>>

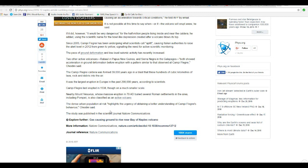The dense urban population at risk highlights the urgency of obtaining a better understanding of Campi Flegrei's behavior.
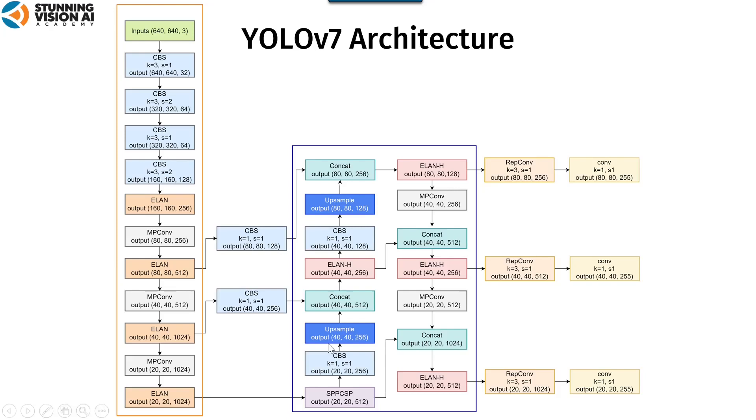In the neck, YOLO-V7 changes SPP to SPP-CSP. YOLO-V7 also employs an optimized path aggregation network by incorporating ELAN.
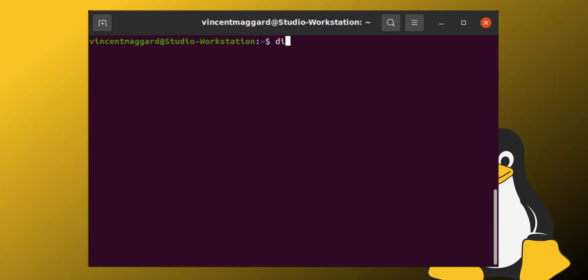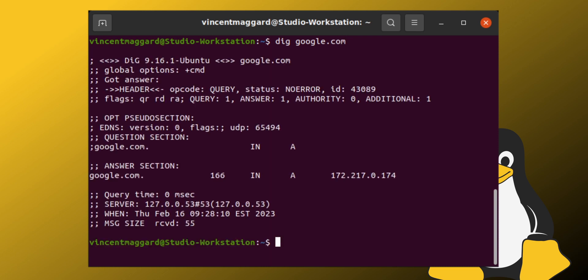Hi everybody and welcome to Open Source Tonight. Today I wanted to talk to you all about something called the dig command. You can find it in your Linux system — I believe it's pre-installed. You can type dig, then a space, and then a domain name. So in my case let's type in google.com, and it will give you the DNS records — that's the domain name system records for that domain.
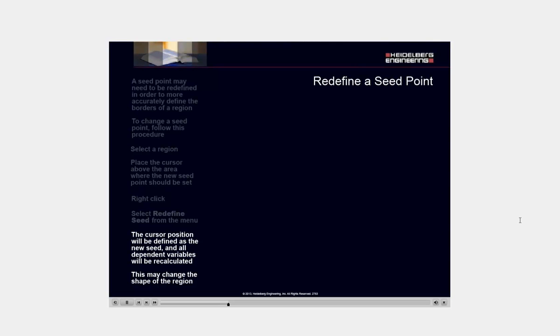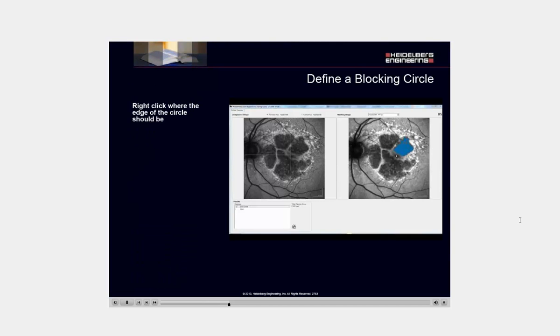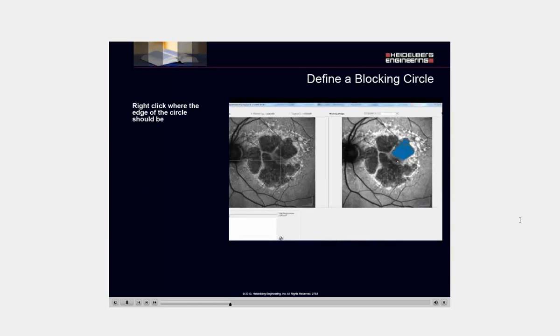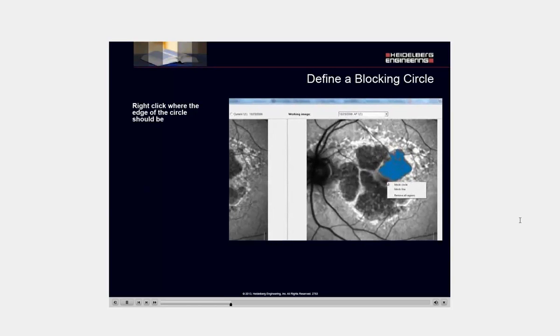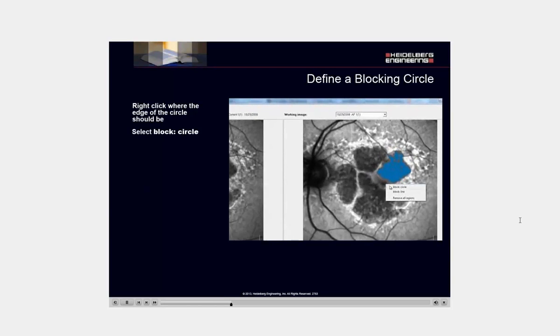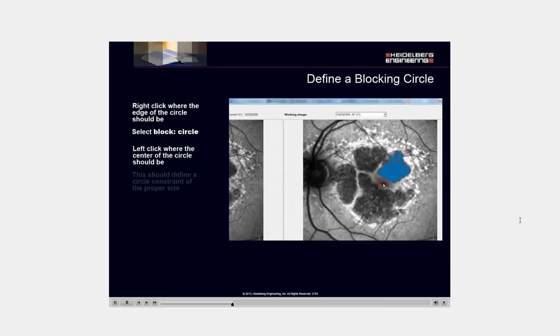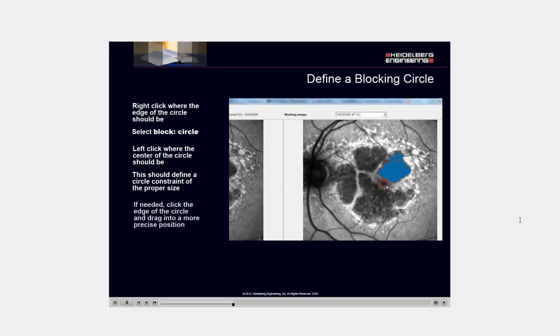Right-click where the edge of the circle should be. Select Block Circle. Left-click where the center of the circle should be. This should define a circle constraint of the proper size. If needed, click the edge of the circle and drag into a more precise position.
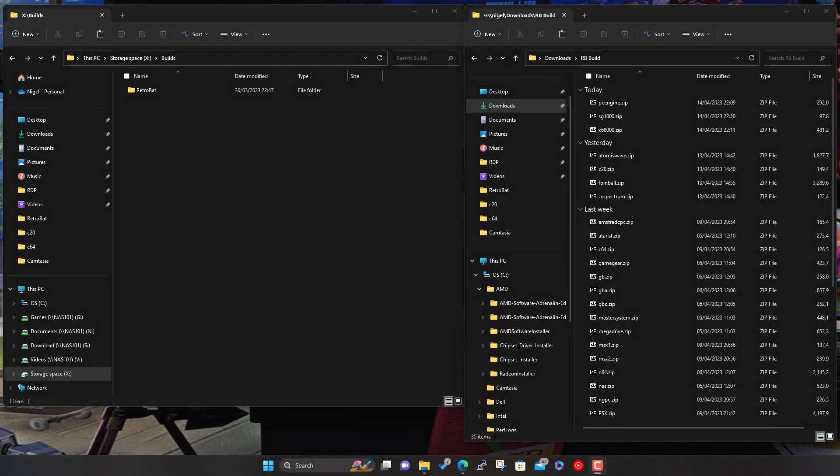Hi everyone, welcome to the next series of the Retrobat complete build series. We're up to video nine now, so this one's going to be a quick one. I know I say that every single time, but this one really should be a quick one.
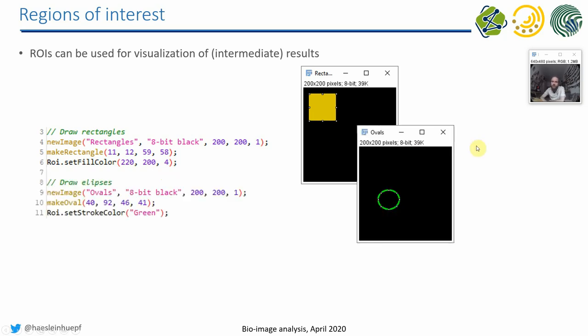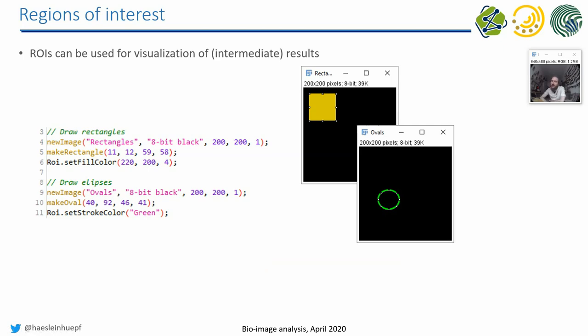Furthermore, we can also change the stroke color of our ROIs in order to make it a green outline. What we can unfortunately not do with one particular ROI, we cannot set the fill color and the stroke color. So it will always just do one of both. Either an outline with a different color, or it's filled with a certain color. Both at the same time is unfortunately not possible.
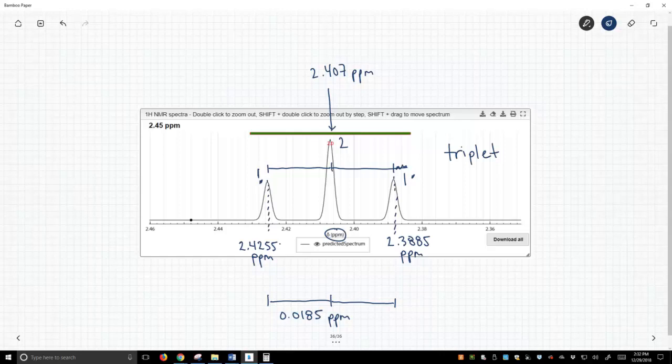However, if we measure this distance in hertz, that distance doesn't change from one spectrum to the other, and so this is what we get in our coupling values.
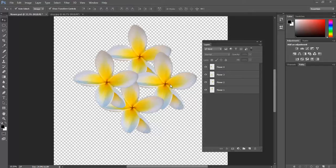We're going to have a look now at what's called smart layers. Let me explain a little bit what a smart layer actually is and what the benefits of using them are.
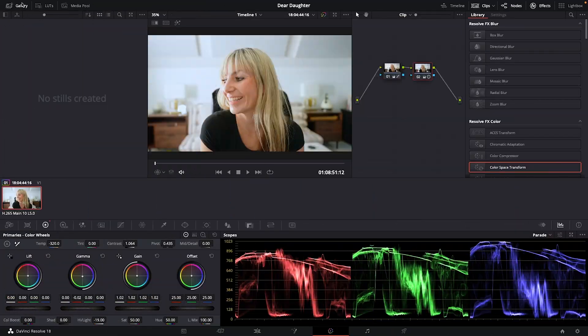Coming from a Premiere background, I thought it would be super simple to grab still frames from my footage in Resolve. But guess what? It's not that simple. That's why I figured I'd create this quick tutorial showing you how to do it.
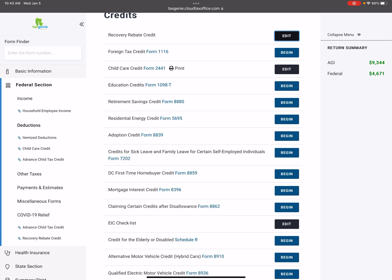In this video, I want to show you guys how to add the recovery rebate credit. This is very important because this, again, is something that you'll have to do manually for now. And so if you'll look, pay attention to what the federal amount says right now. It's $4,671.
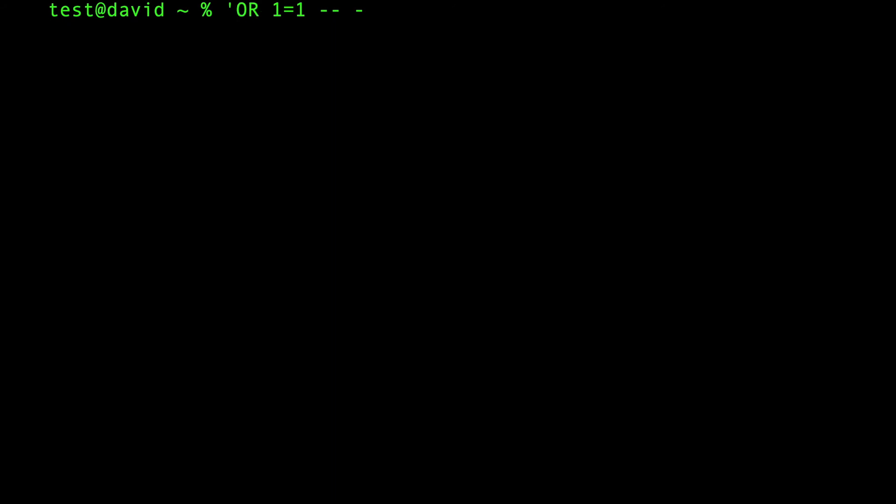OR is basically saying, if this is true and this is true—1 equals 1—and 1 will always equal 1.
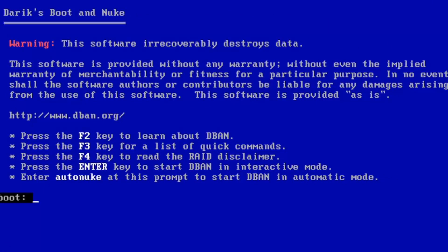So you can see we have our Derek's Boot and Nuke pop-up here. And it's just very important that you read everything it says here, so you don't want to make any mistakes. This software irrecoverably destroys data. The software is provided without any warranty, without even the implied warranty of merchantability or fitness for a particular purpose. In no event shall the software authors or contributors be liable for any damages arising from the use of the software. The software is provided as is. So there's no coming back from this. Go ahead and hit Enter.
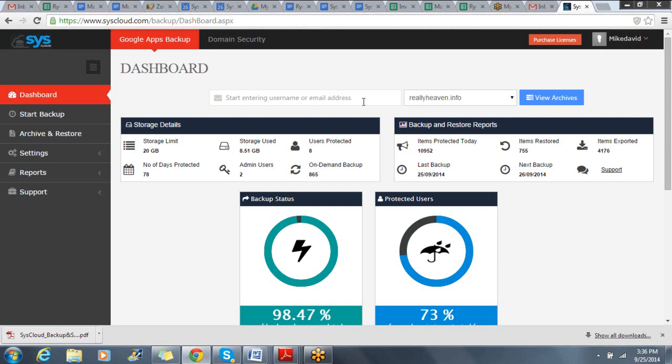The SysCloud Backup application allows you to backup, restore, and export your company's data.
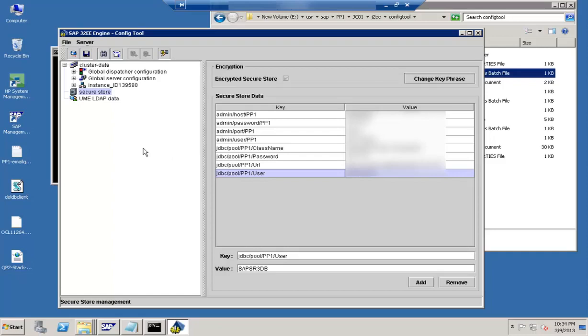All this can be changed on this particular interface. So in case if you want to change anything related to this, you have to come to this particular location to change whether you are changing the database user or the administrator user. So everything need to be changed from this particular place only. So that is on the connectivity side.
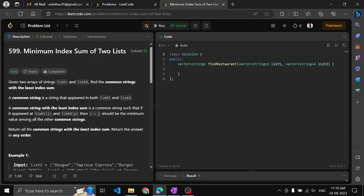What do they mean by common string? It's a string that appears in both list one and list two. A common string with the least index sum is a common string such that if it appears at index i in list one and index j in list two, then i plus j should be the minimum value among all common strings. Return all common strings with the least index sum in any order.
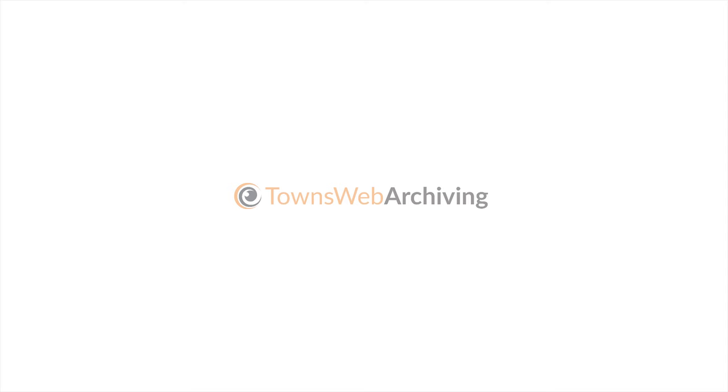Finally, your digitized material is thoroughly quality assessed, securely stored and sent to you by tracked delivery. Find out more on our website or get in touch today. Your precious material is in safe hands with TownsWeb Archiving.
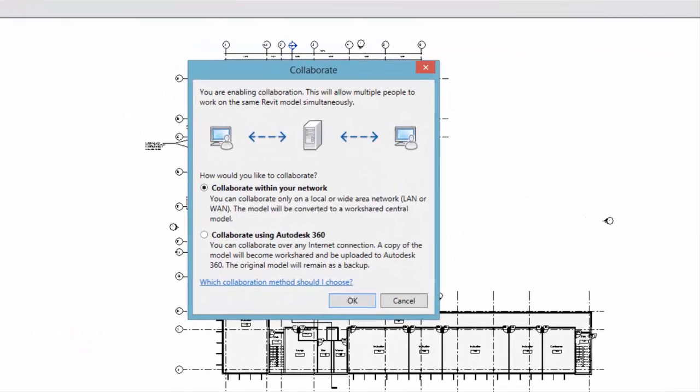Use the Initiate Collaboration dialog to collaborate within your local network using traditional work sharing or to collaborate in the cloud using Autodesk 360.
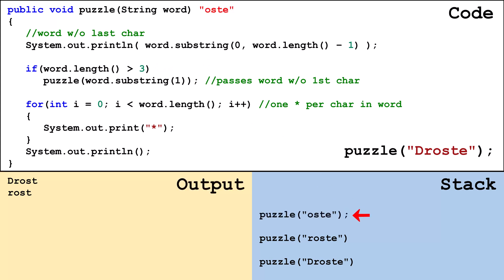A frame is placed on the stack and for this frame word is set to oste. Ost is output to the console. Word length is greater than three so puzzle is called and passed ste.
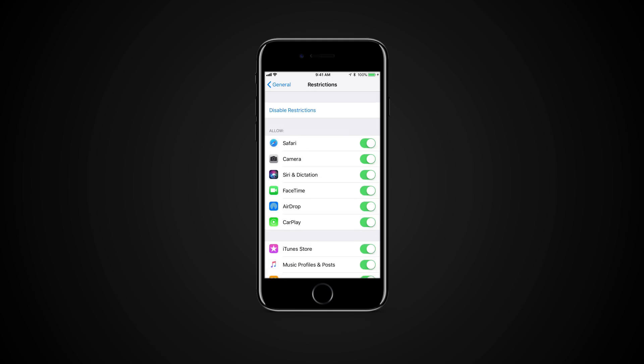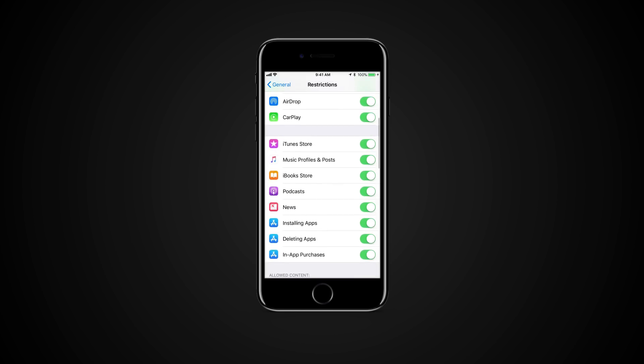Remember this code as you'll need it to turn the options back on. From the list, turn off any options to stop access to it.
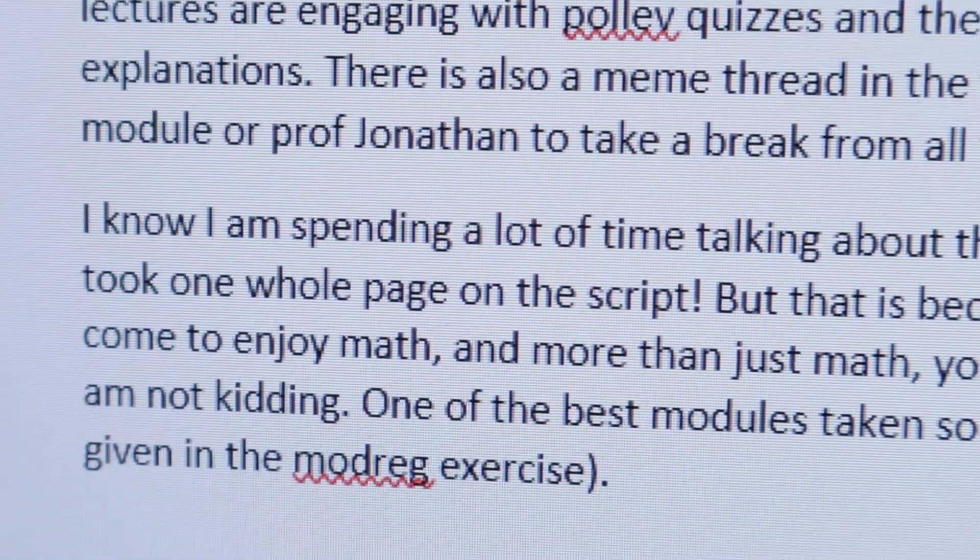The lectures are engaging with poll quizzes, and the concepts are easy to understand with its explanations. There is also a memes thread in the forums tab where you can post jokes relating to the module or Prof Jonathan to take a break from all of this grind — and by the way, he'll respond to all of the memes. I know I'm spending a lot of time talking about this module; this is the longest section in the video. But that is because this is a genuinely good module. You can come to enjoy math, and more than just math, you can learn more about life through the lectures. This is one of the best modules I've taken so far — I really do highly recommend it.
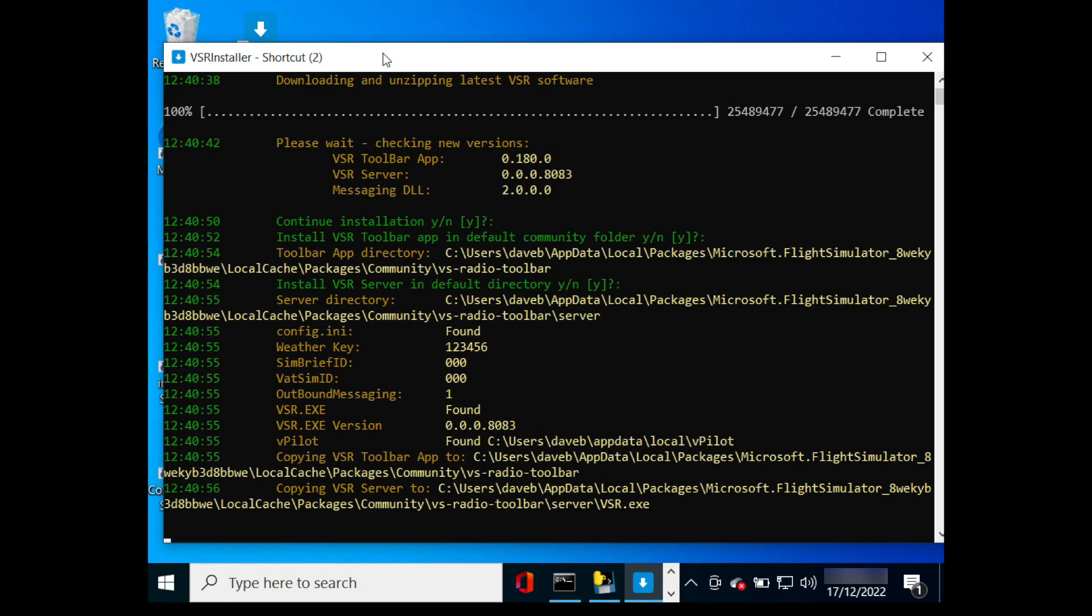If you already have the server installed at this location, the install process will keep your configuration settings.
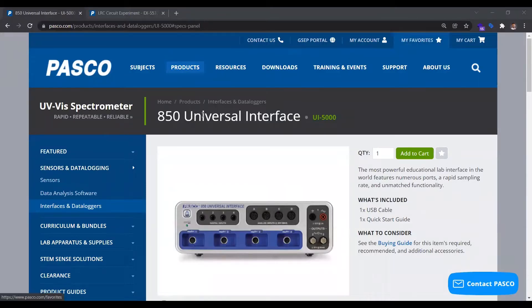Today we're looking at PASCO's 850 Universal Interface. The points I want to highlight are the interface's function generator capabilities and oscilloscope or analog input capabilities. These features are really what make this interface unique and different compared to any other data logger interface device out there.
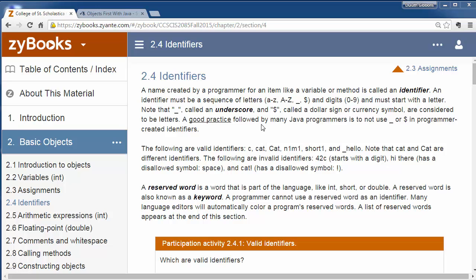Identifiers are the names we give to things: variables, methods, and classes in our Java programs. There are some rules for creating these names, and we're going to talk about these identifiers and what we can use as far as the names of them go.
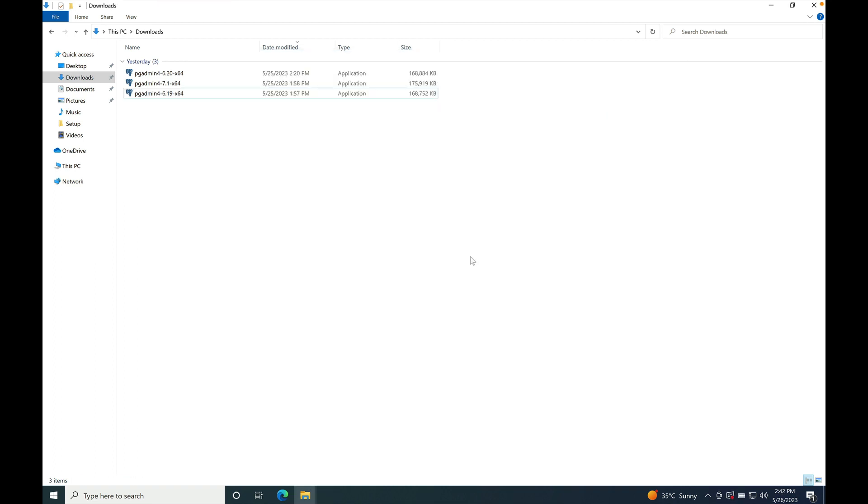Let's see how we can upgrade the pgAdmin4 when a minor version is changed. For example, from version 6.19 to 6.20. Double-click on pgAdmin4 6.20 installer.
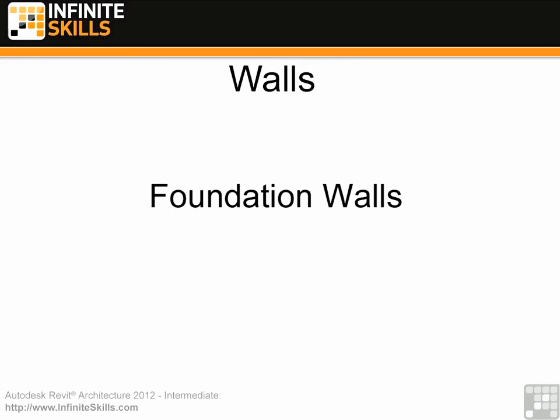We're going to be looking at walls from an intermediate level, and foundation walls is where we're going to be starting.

<<

Without any picture, return exactly the lines of the records above from the first through the line that contains "Hi everyone, welcome".

The dense urban population at risk highlights the urgency of obtaining a better understanding of Campi Flegrei's behavior.
In the neck, YOLO-V7 changes SPP to SPP-CSP. YOLO-V7 also employs an optimized path aggregation network by incorporating ELAN.
Hi everybody and welcome to Open Source Tonight. Today I wanted to talk to you all about something called the dig command. You can find it in your Linux system — I believe it's pre-installed. You can type dig, then a space, and then a domain name. So in my case let's type in google.com, and it will give you the DNS records — that's the domain name system records for that domain.
Right-click where the edge of the circle should be. Select Block Circle. Left-click where the center of the circle should be. This should define a circle constraint of the proper size. If needed, click the edge of the circle and drag into a more precise position.
Hi everyone, welcome to the next series of the Retrobat complete build series. We're up to video nine now, so this one's going to be a quick one. I know I say that every single time, but this one really should be a quick one.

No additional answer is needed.